DIRECTIONS FOR THIS TASK: Nothing but the pictures may be left out. Restate the rest of the entries word for word.

-- INPUT follows --

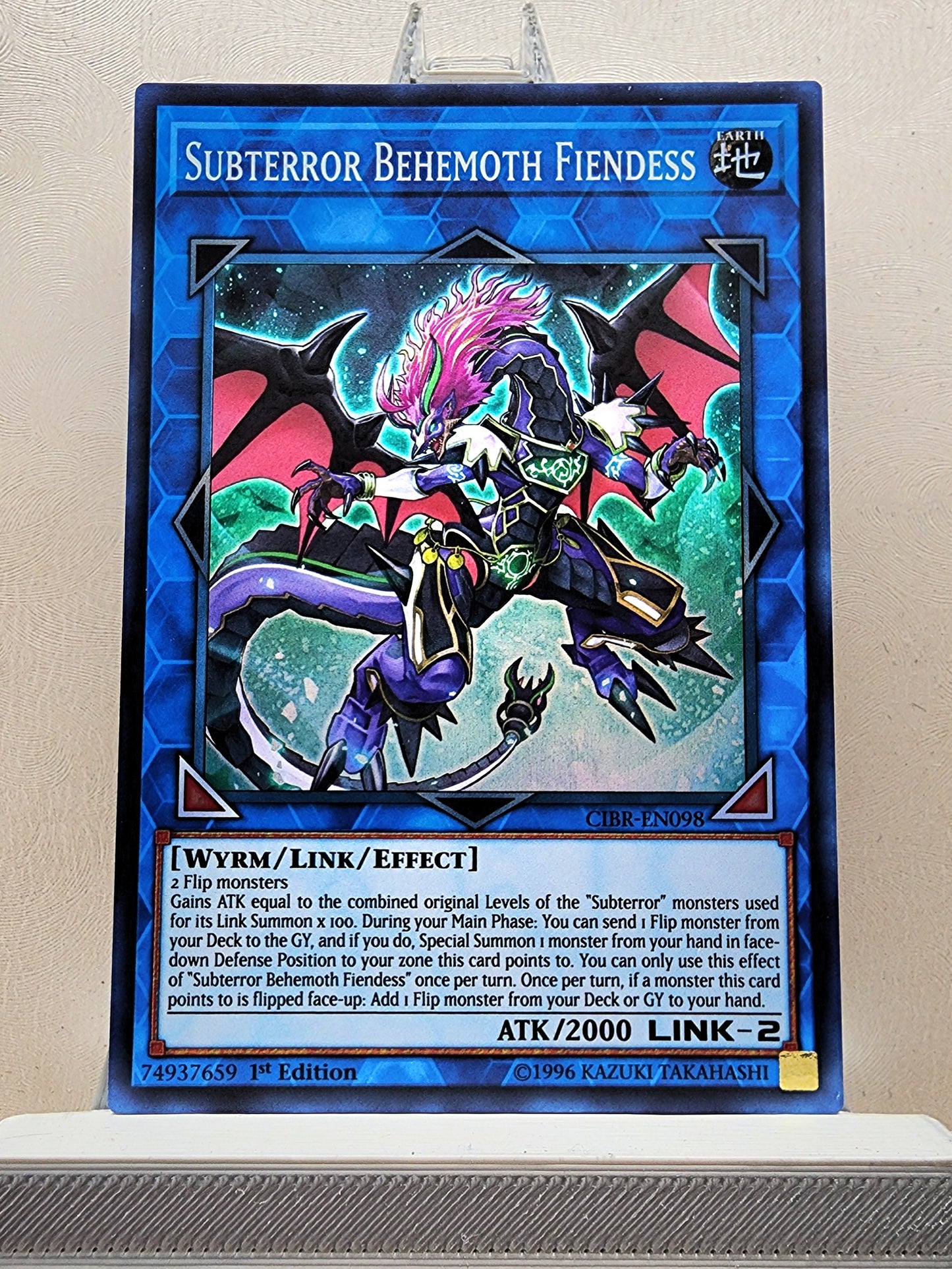 Yugioh! 1x Subterror Behemoth Fiendess (CIBR - Super Rare) 1st Edition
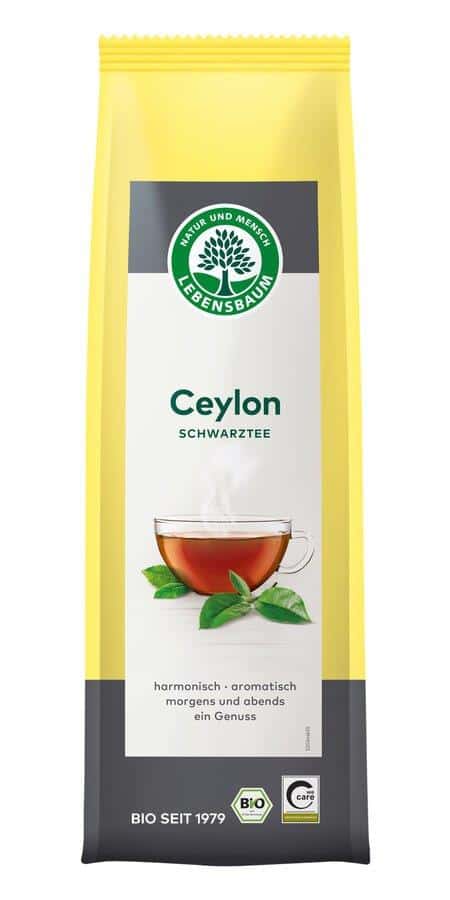 HERBATA CZARNA CEJLOŃSKA LIŚCIASTA BIO 75 g - LEBENSBAUM (2 szt.)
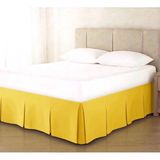 Metinev Metin Ev Premium Baza Eteği Su Itici Leke Tutmaz Düğme Detaylı - Sarı - 140 x 200 cm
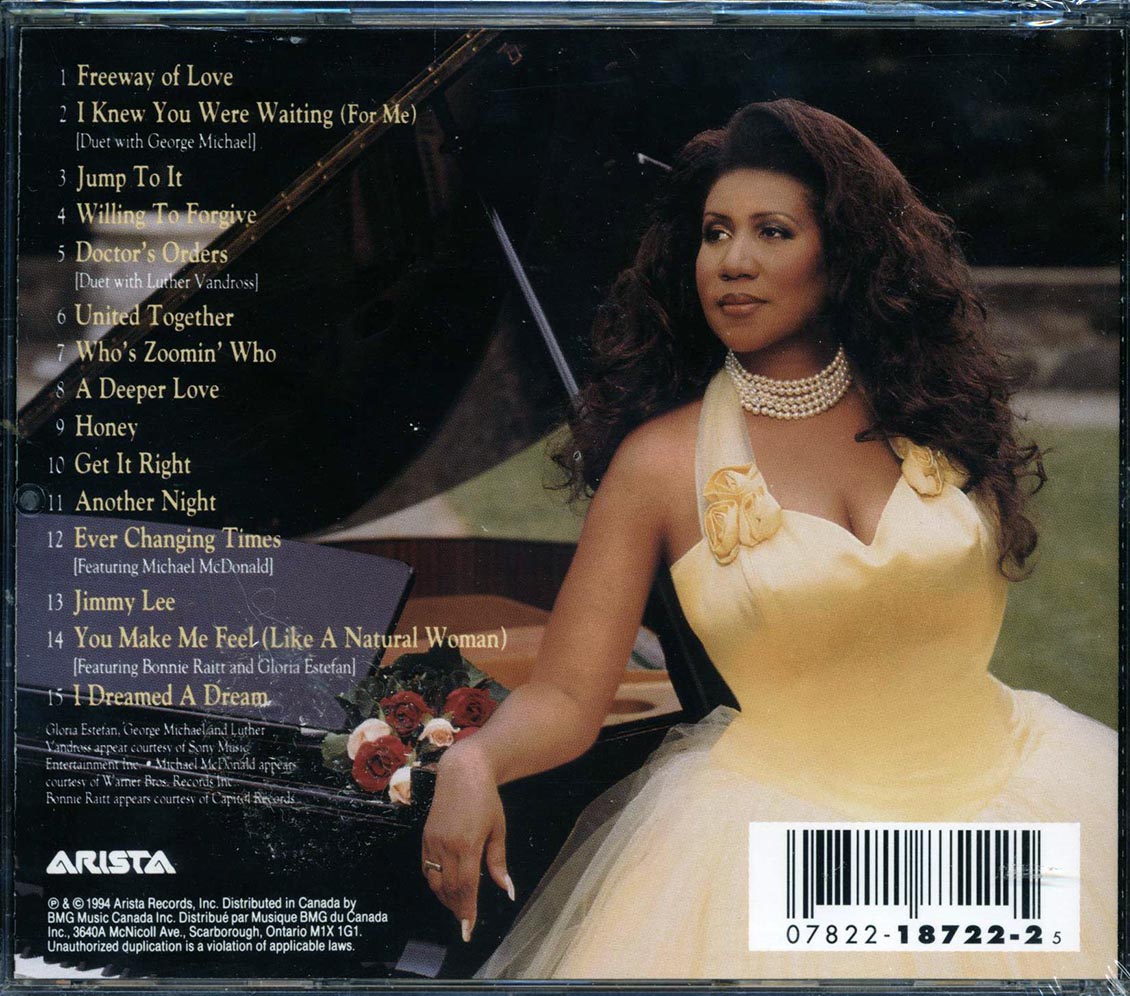 Aretha Franklin - Greatest Hits 1980-1994 [New CD]
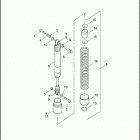 FXR2 1ESL CVO DYNA SUPER GLIDE (1999) REAR SHOCK ABSORBERS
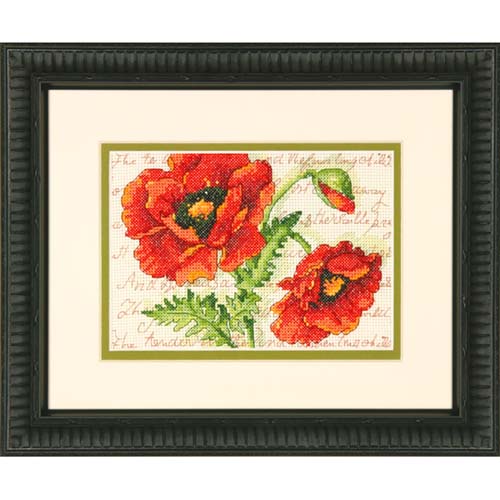 Dim70-65116 红罂粟 十字绣 saga格式XSD重绘源文件电子图纸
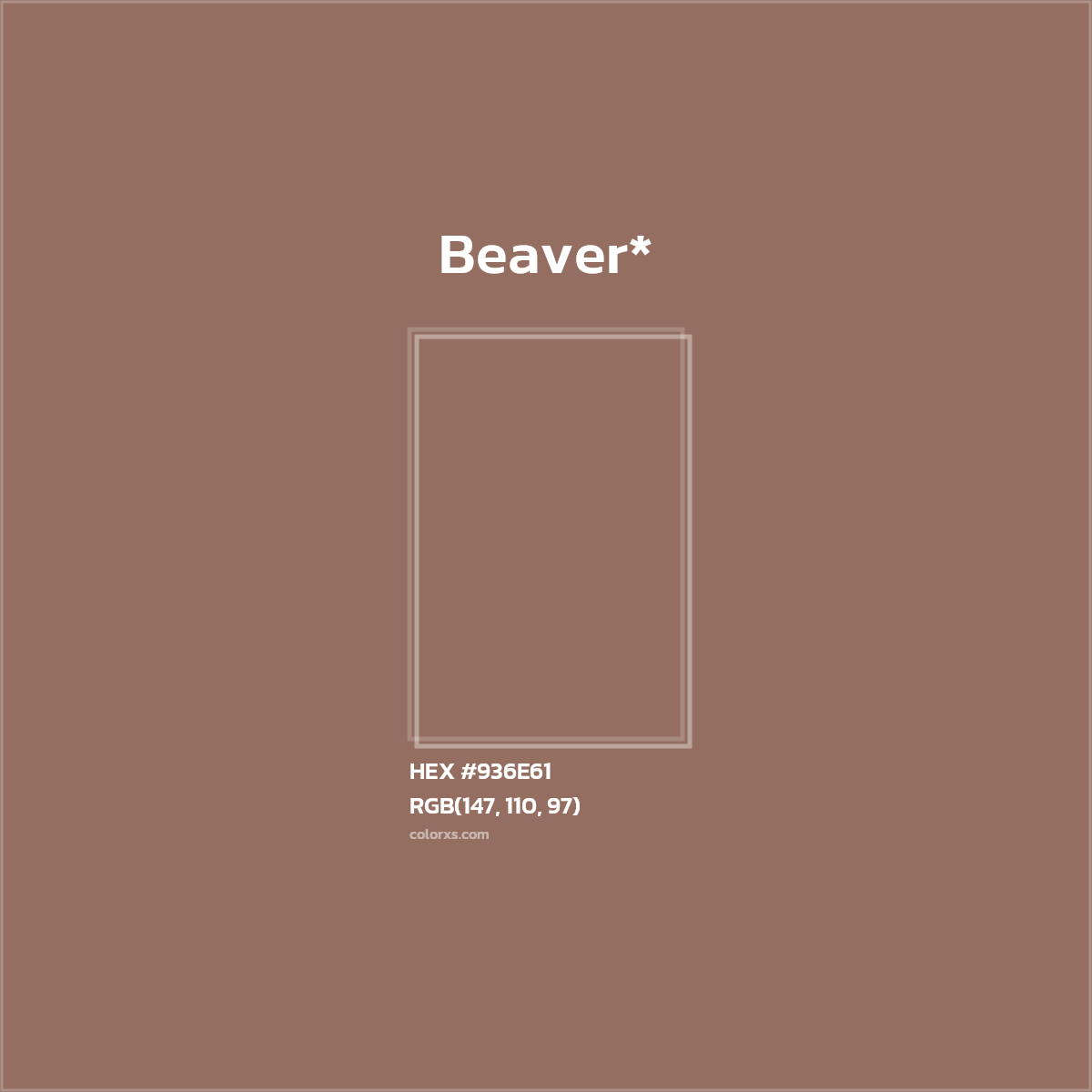 HEX #936E61 Color Name, Color Code, Palettes, Similar Paints, Images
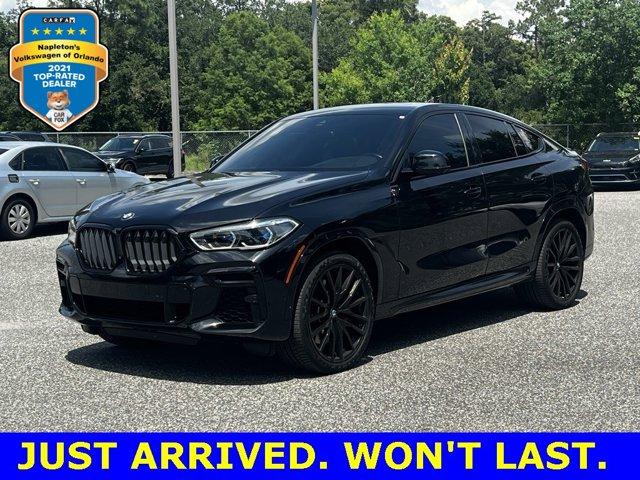 used 2022 BMW X6 car, priced at $58,900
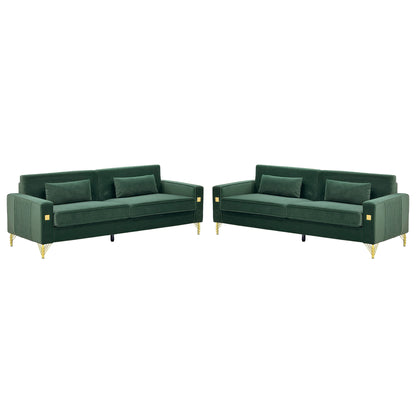 2 Pieces Sofa Sofa Set With Removable Cushions For Home Apartment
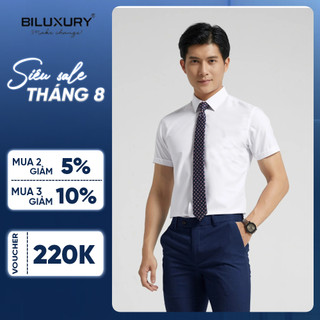 [MUA 2 GIẢM 5%] Áo Sơ Mi Nam Ngắn Tay BILUXURY 6SMCB002-6SMCB008 Chất Vải Kháng Khuẩn Chống Tia UV Form Chuẩn Thời Trang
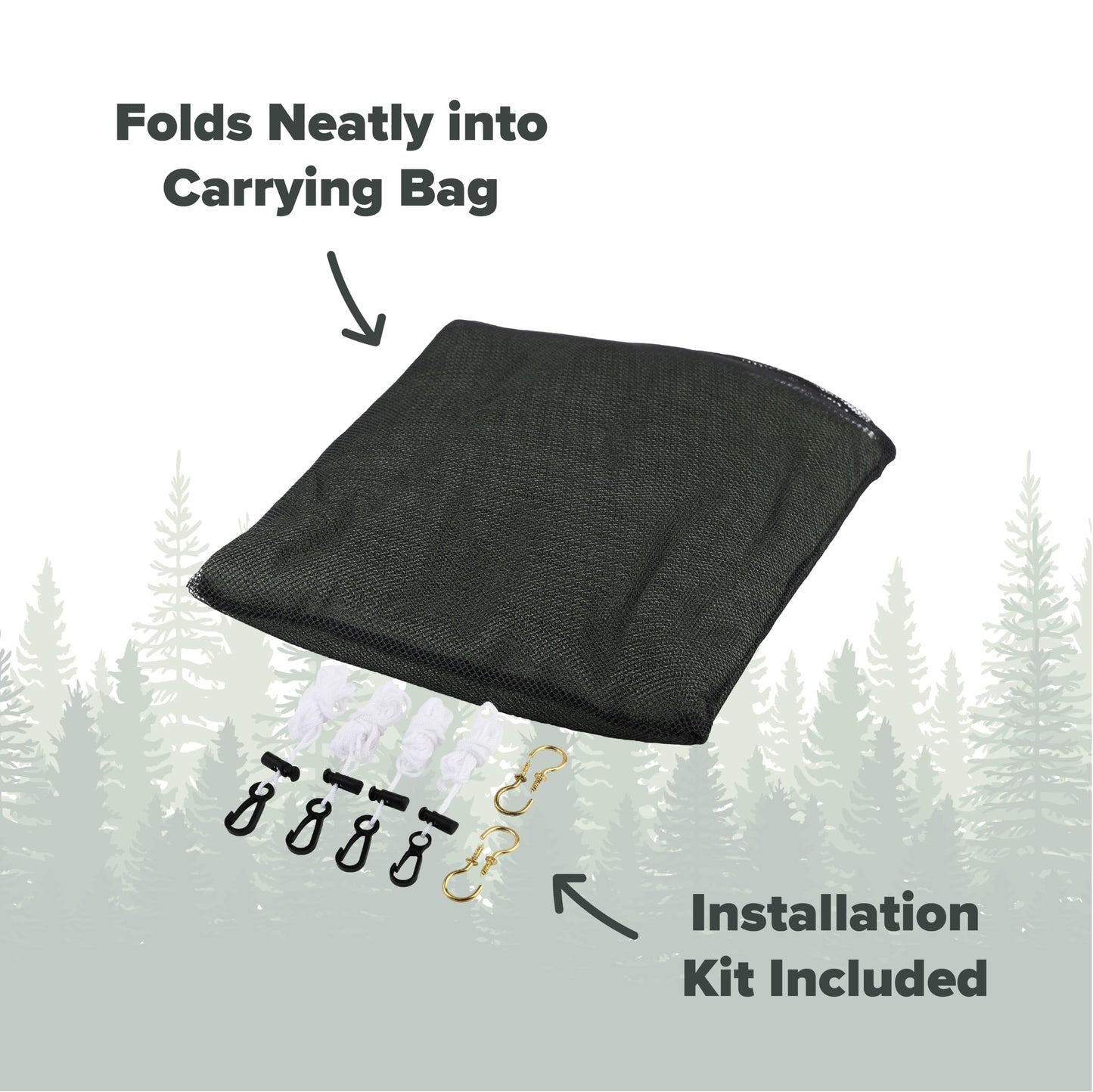 Coghlan's Double Rectangular Mosquito Net – Insect Protection for Camping, Hiking & Travel – Fits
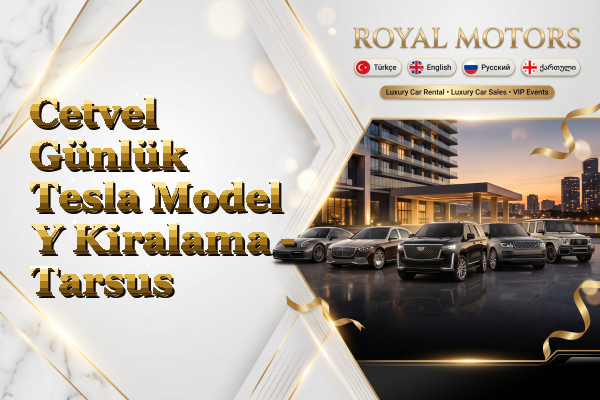 Cetvel Günlük Tesla Model Y Kiralama - Tarsus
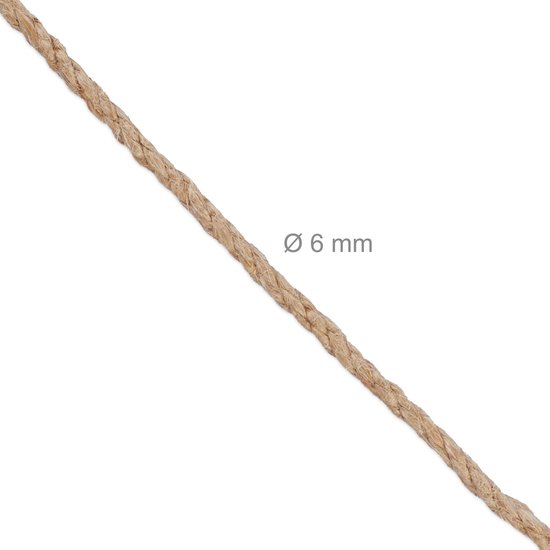 Corde de jute Relaxdays op rol - lot de 2 - 4 mm - ficelle - 100 m par  corde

-- INPUT concluded --

EXPECTED ANSWER:
 Yugioh! 1x Subterror Behemoth Fiendess (CIBR - Super Rare) 1st Edition
 HERBATA CZARNA CEJLOŃSKA LIŚCIASTA BIO 75 g - LEBENSBAUM (2 szt.)
 Metinev Metin Ev Premium Baza Eteği Su Itici Leke Tutmaz Düğme Detaylı - Sarı - 140 x 200 cm
 Aretha Franklin - Greatest Hits 1980-1994 [New CD]
 FXR2 1ESL CVO DYNA SUPER GLIDE (1999) REAR SHOCK ABSORBERS
 Dim70-65116 红罂粟 十字绣 saga格式XSD重绘源文件电子图纸
 HEX #936E61 Color Name, Color Code, Palettes, Similar Paints, Images
 used 2022 BMW X6 car, priced at $58,900
 2 Pieces Sofa Sofa Set With Removable Cushions For Home Apartment
 [MUA 2 GIẢM 5%] Áo Sơ Mi Nam Ngắn Tay BILUXURY 6SMCB002-6SMCB008 Chất Vải Kháng Khuẩn Chống Tia UV Form Chuẩn Thời Trang
 Coghlan's Double Rectangular Mosquito Net – Insect Protection for Camping, Hiking & Travel – Fits
 Cetvel Günlük Tesla Model Y Kiralama - Tarsus
 Corde de jute Relaxdays op rol - lot de 2 - 4 mm - ficelle - 100 m par  corde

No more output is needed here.